AIM: to assess the feasibility of performing a screening of ocular pathologies after Femtosecond laser Assisted Keratopigmentation (FAK) procedure in normal eyes with the aid of multimodal imaging technologies.

DESIGN: A Retrospective cohort study.

PARTICIPANTS: Thirty consecutive international patients (60 eyes) who underwent FAK for purely aesthetic reasons were chosen for this study.

METHODS: Data from medical records of 30 consecutive patients were retrieved after performing tests 6 months after surgery. Clinical examinations were performed by three ophthalmologists.

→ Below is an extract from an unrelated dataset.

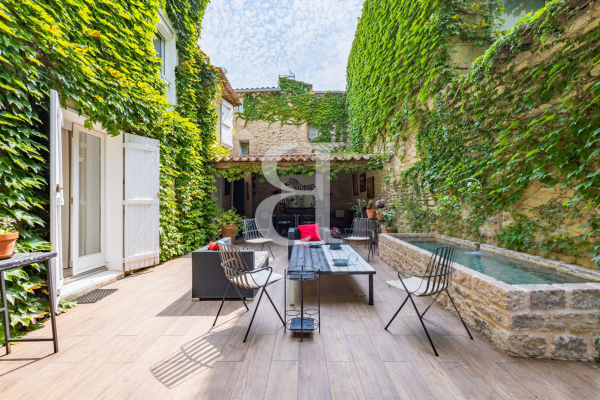 Maison de luxe à vendre à L Isle-sur-La-Sorgue, 850 000 €, Photo 1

MAIN OUTCOME MEASURES: The main purpose of this study was to see if routine examinations are feasible in patients operated on by the FAK and if the results can be interpreted as easily as in non-operated patients.

RESULTS: Sixty eyes of thirty consecutive patients that underwent a screening of ocular pathologies at 6 months post FAK were included. 60% were female and 40% were males. Mean age was 36 years +/- 12 years. Screening of ocular pathologies using multimodal imaging tests or clinical examination was performed without any difficulties in acquisition or interpretation in 100% of patients (n = 30) except the endothelial cell count of the corneal periphery which was not possible. The direct examination of the iris periphery was possible at the slit lamp through the translucid pigment.

CONCLUSIONS: The screening of ocular pathologies after purely aesthetic FAK surgery is feasible, except for pathologies of the peripheral posterior cornea.